++++ Data records ++++
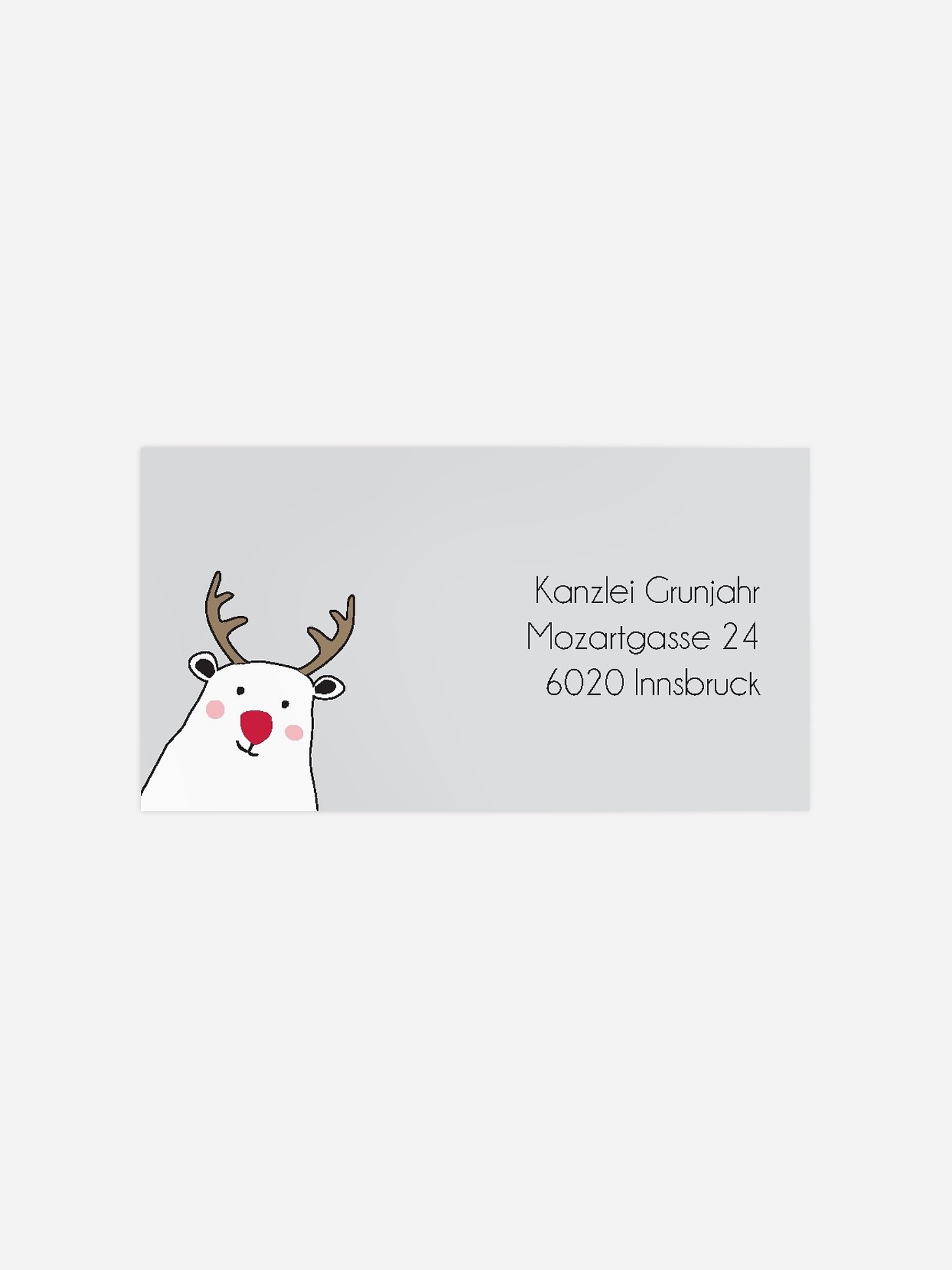 Empfängeraufkleber geschäftl. Weihnachten Christmas Community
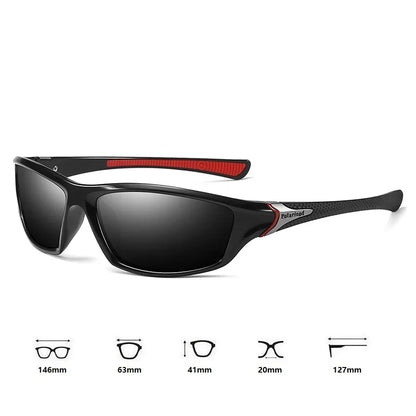 Fashion Sports Polarized Sunglasses Men Women Fishing Hiking Running Cycling Mountaineering Sport Man Sun Glasses UV400 Eyewear - Ellianto fashion Men's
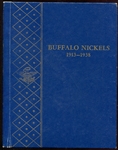 Buffalo Nickel Partial Set of 51 Coins in Album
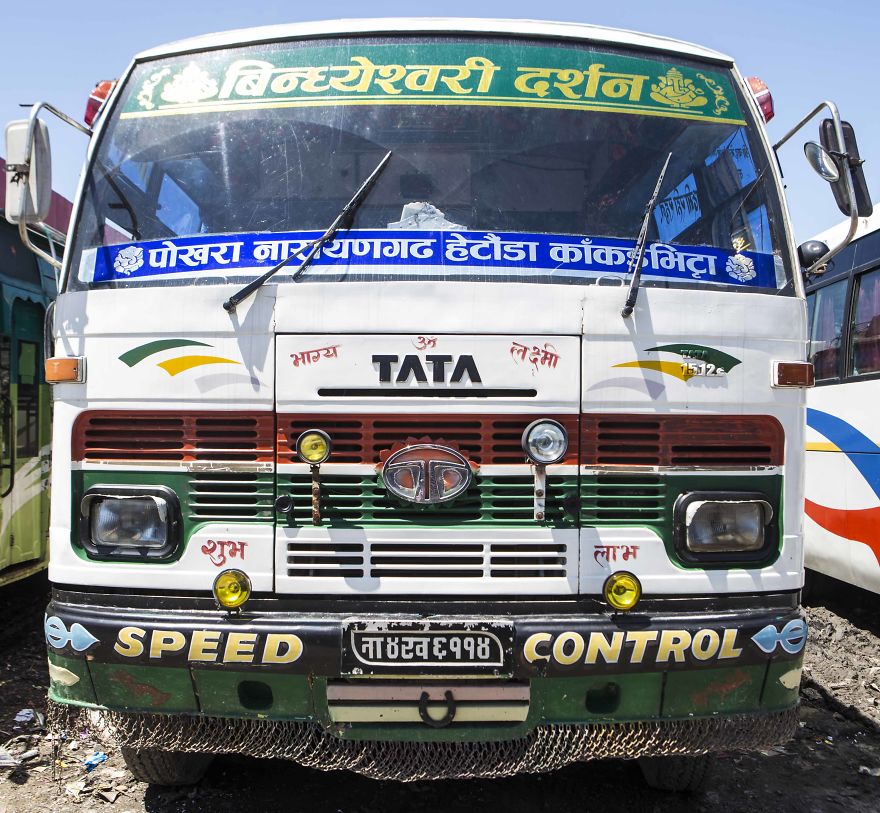 10+ Of The Most Colorful Local Buses In Nepal
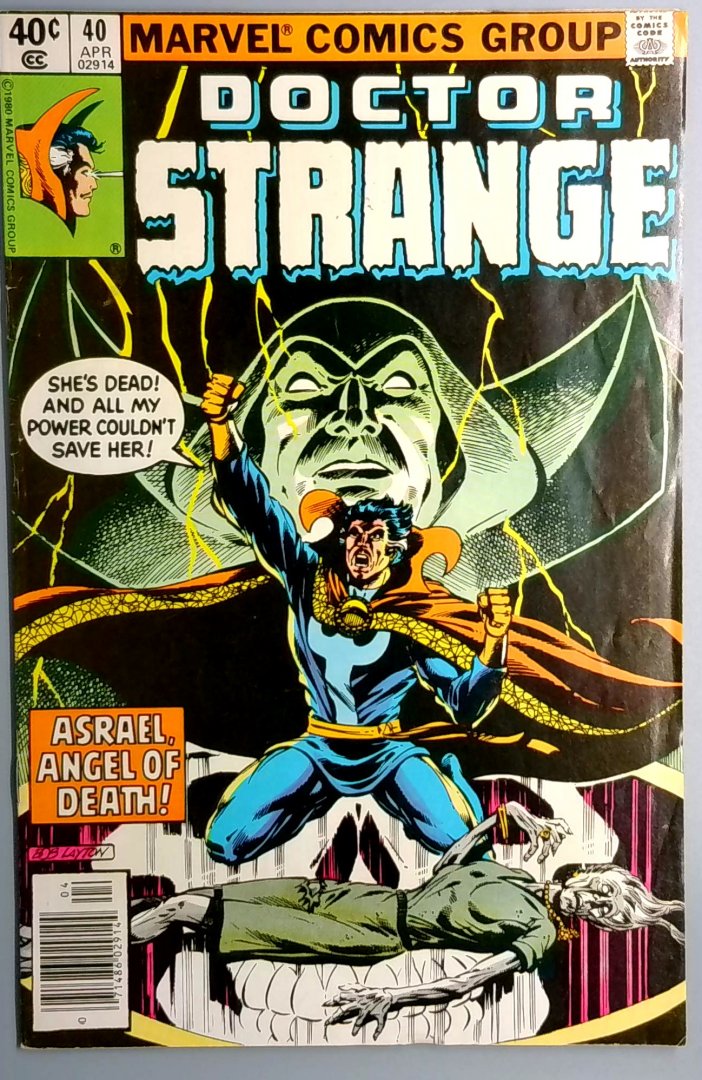 Doctor Strange #40 Newsstand Edition Marvel 1980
++++
## Task statement:
Write out again only the lines from the line that contains "Buffalo Nickel Partial" through the last line of the records, both ends included, without any of the pictures.

## Result of the task:
 Buffalo Nickel Partial Set of 51 Coins in Album
 10+ Of The Most Colorful Local Buses In Nepal
 Doctor Strange #40 Newsstand Edition Marvel 1980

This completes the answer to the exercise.